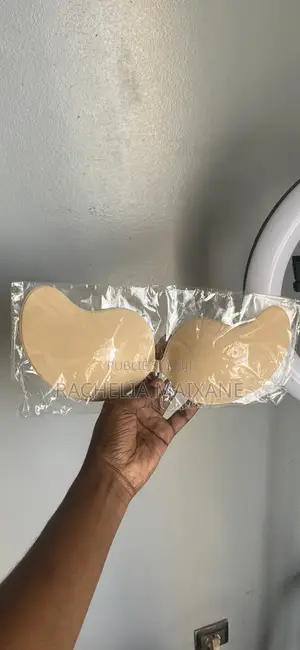 Soutien Adhésif Invisible Sans Bretelle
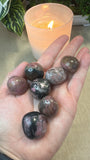 Rhodonite Tumble stones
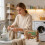 Wol Cashmere Wasmiddel - Truiten Revive Tabletten 4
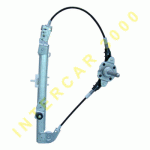 WINDOW REGULATOR REAR RIGHT MANUAL ALFA ROMEO 156 97- 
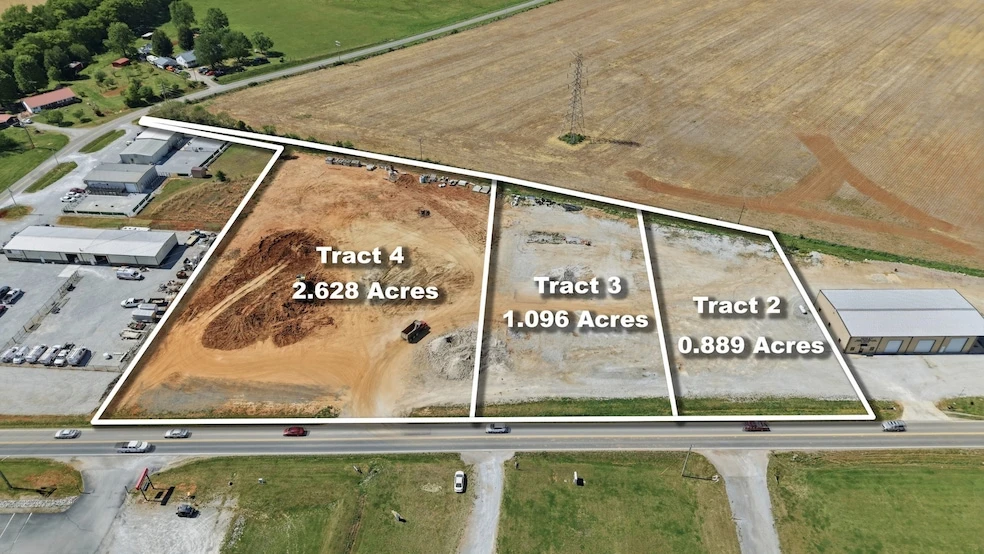 Main Listing Image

Your goal
Repeat the listing verbatim without its pictures.

Your solution
 Soutien Adhésif Invisible Sans Bretelle
 Rhodonite Tumble stones
 Wol Cashmere Wasmiddel - Truiten Revive Tabletten 4
 WINDOW REGULATOR REAR RIGHT MANUAL ALFA ROMEO 156 97- 
 Main Listing Image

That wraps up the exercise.